This description of the invention has been presented for the purposes of illustration and description. It is not intended to be exhaustive or to limit the invention to the precise form described, and many modifications and variations are possible in light of the teaching above. The embodiments were chosen and described in order to best explain the principles of the invention and its practical applications. This description will enable others skilled in the art to best utilize and practice the invention in various embodiments and with various modifications as are suited to a particular use. The scope of the invention is defined by the following claims.

Claims

1. An IoT identification server to identify Internet of Things (IoT) devices using traffic patterns, the IoT identification server comprising:

a processor;

a network interface communicatively coupled to the data communication network and to the enterprise network; and

a memory, communicatively coupled to the processor and storing: a flow monitoring module to collects flow data concerning IoT devices on the data communication network and construct individual flows of individual devices from the flow data of source and destination IP addresses and ports; a flow similarity module to identify flow pair values from flow pairs of labeled devices as candidates by comparing individual flows of the unknown device that surpass a candidate threshold by generating a difference flow matrix from the individual flows of the unknown device and the labeled device a device similarity module to identify known devices as device candidates from a sum of flow pair values for each candidate device in relation to the unknown device; and a device identification module to retrieve a device type for each candidate device, and select one of the device types based on at least a closeness or a frequency of each device type to the unknown device.
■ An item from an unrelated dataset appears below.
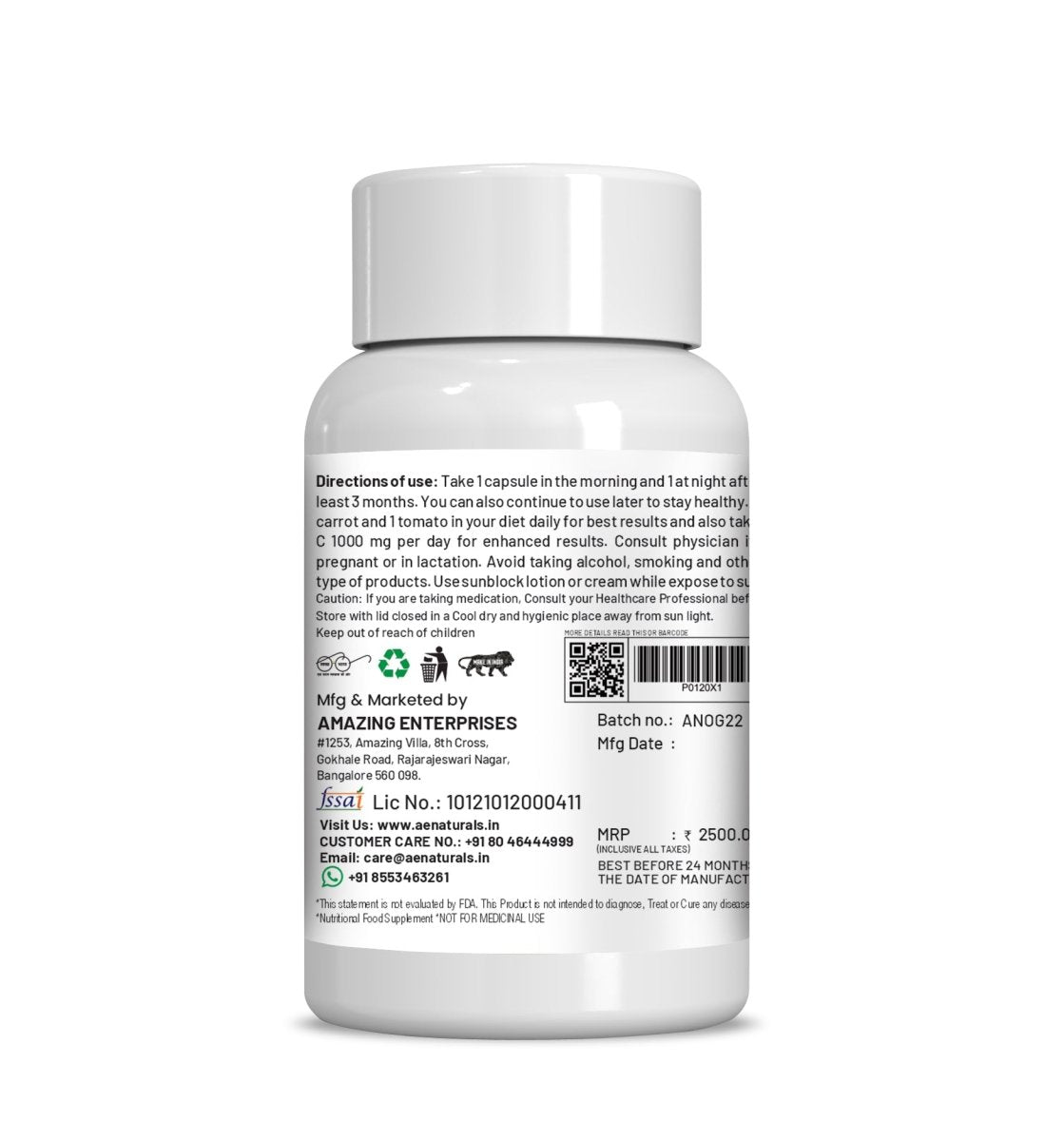 Ae Naturals Nano Gluta Skin Brightening Capsules - Grab2buy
2. The IoT identification server of claim 1, wherein the similarly module calculates flow similarity between 0 and 1.

3. The IoT identification server of claim 1, wherein the similarity module weights each flow.

4. The IoT identification server of claim 1, wherein the device identification module selects the device types sing KNN.

5. A method in a networking device for identifying Internet of Things (IoT) devices using traffic patterns, the method comprising the steps of:

monitoring flows of network traffic for a specific IoT device, a network traffic flow comprising a set of data packets with a common source IP, source MAC, destination IP and destination port;

finding a flow similarity by analyzing patterns of network traffic flows, based on matrices representative of the network traffic flows;

finding a device similarity as a sum of the flow similarity over shared IP/ports; and

identifying the specific IoT device from the flow similarity and the device similarity using K-Nearest Neighbors (KNN).

6. A non-transitory computer-readable media storing source code in an IoT identification server, implemented at least partially in hardware that, when executed by a processor, performs a method for identifying Internet of Things (IoT) devices using traffic patterns, the method comprising the steps of:

initiating a flow similarity module to identify flow pair values from flow pairs of labeled devices as candidates by comparing individual flows of the unknown device that surpass a candidate threshold by generating a difference flow matrix from the individual flows of the unknown device and the labeled device

a device similarity module to identify known devices as device candidates from a sum of flow pair values for each candidate device in relation to the unknown device; and

a device identification module to retrieve a device type for each candidate device, and select one of the device types based on at least a closeness or a frequency of each device type to the unknown device.